Lawsuit In a Bid Insurance Case
In Husman v. Purolator Courier, 832 F.2d 459, 461 (8th Cir. 1987), the United States Government General Services Administration (GSA) advertised to solicit bids for the renovation of the Court facilities in Sioux Falls South Dakota.
Bids were due by 1:30 p.m. March 12, 1985 in the offices of GSA in Denver Colorado.
The day before the bids were due, March 11, 1985, Husman, the owner of a construction company, delivered a sealed construction bid to the offices of Purolator Courier.
Purolator agreed to deliver the bid to GSA by noon the following day.
Husman subsequently delivered a bid modification to Western Union on the morning of March 12 and Western Union agreed that it would transmit the modification to GSA before the bid deadline.
The bill of lading from Purolator which Husman signed contained limitation of liability provisions similar to those contained in the UPS invoice in the instant case.
Purolator's bill of lading contained a limitation of liability clause on the front of the bill which provided that Purolator's liability for loss, damage or non-delivery was limited to $ 250.00 unless a greater value was declared.
This clause provided that under no circumstances would Purolator be liable for special, incidental or consequential damages.
The face of the bill of lading also directed the shipper to read the reverse side of the bill of lading which contained similar provisions limiting Purolator's liability in the same manner as the first clause.
The face of the shipping bill itself provided spaces for a shipper to write in a declared value for the shipment.
As fate would have it, the plane on which the bid documents were to be transported by Purolator developed engine problems.
Thus, Purolator did not deliver the bid until over an hour and a half after the 1:30 p.m. deadline.
Western Union also did not transmit the bid modification until after the deadline passed.
Husman's bid, which would have been the winning bid was therefore not considered by the GSA due to its untimely arrival.
Husman sued both Purolator and Western Union for the profits that he would have realized had the bid been delivered in a timely manner.
The district court granted summary judgment in favor of Purolator and the 8th Circuit affirmed.

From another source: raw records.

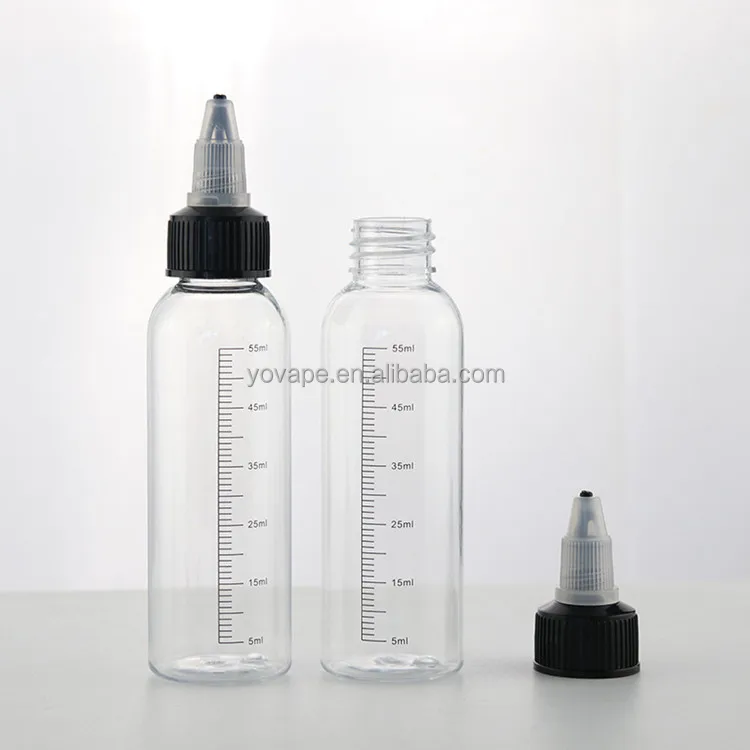 Squeeze Empty PET Plastic Mini Tomato Ketchup Jam Filling Bottles With Sealed Twist top cap & graduated line 30ml 150ml 500 ml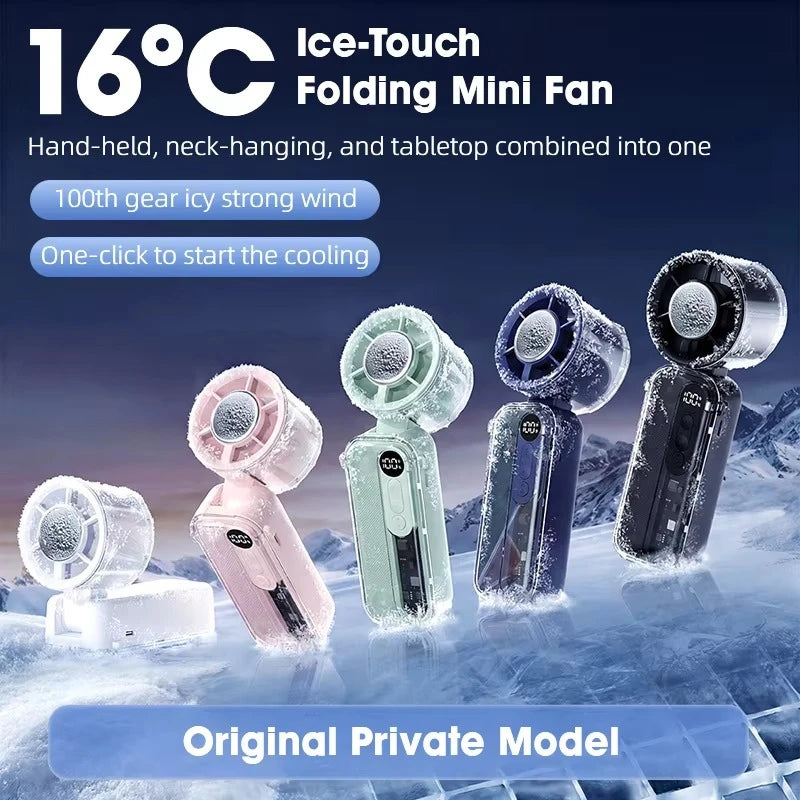 Handheld Small Fan, Semiconductor Cooling, Ultra Long Battery Life, Charging Fan, Small Cooling and Ice Pack Fan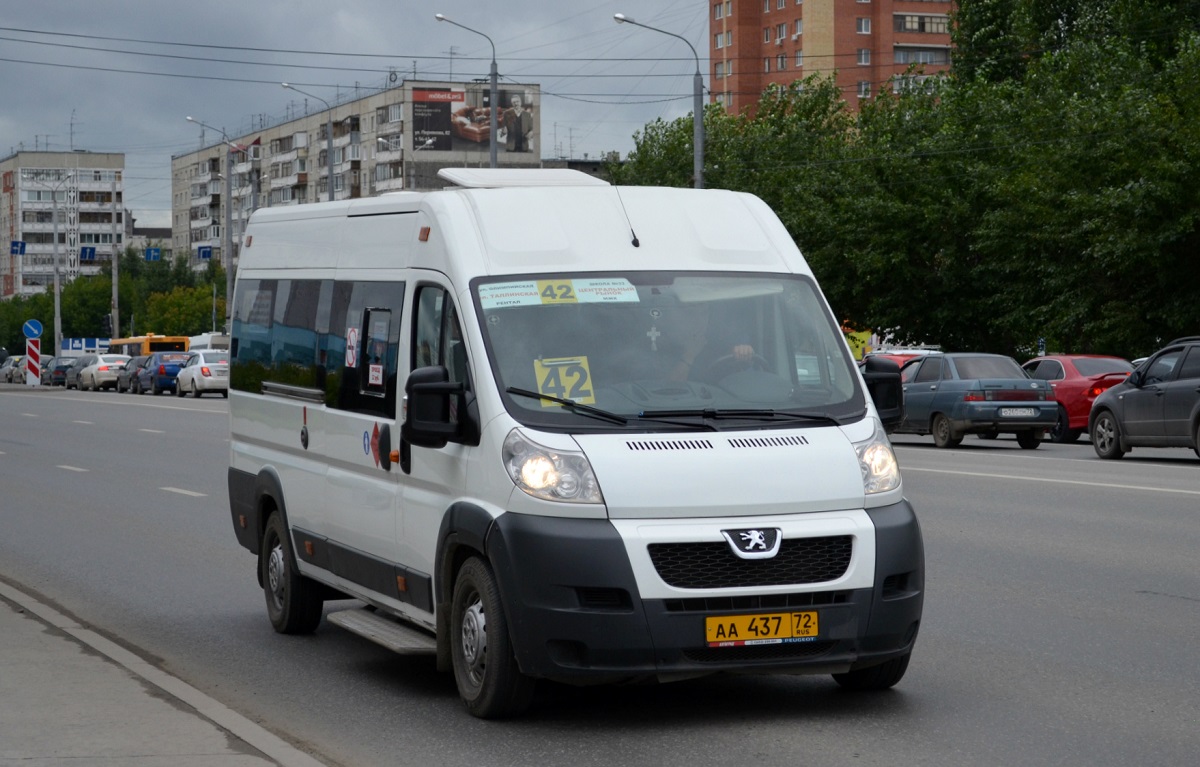 Тюменская область, Нижегородец-2227SK (Peugeot Boxer) № АА 437 72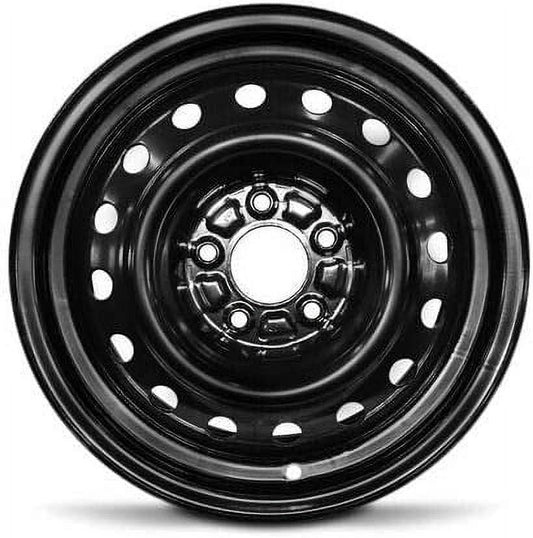 Wheel For 2006-2012 Chevrolet Impala 16 inch 5 Lug Black Steel Rim Fits R16 Tire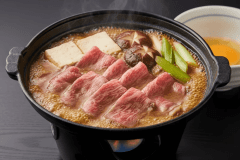 夕食｜前沢牛すき焼き　※イメージ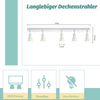 ZMH Deckenleuchte 5 Spots Weiß: Metall Deckenlampe GU10 Innen Schwenkbar Strahler für Küche Büro Wohnzimmer Schlafzimmer, Ohne Leuchtmittel Bild 3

In rejecting Husman's claim against Purolator and affirming the District Court, the 8th Circuit stated:
By his own admission, Husman was an experienced bidder who had used Purolator several times to deliver previous bids.
However, despite this experience, and despite the warning in the Worldwide Directory, Husman chose not to obtain independent insurance coverage, even though he was sending his bid only one day before it was due. Nor did Husman pursue an alternative method of sending the bid, such as certified or registered mail, either of which guarantees that a bid will be considered even if it arrives late, so long as it is postmarked five days before bidding closes. See 48 C.F.R. 14.304-1(a)(1) (1985).
Instead, ignoring the clear and valid limitations of liability in the contract he signed, Husman brought this suit in district court.
No relief will be forthcoming.
Those using delivery services to transmit bids are in the best position to procure insurance for their time-sensitive cargo or to otherwise proceed at their own risk. 832 F.2d at 462.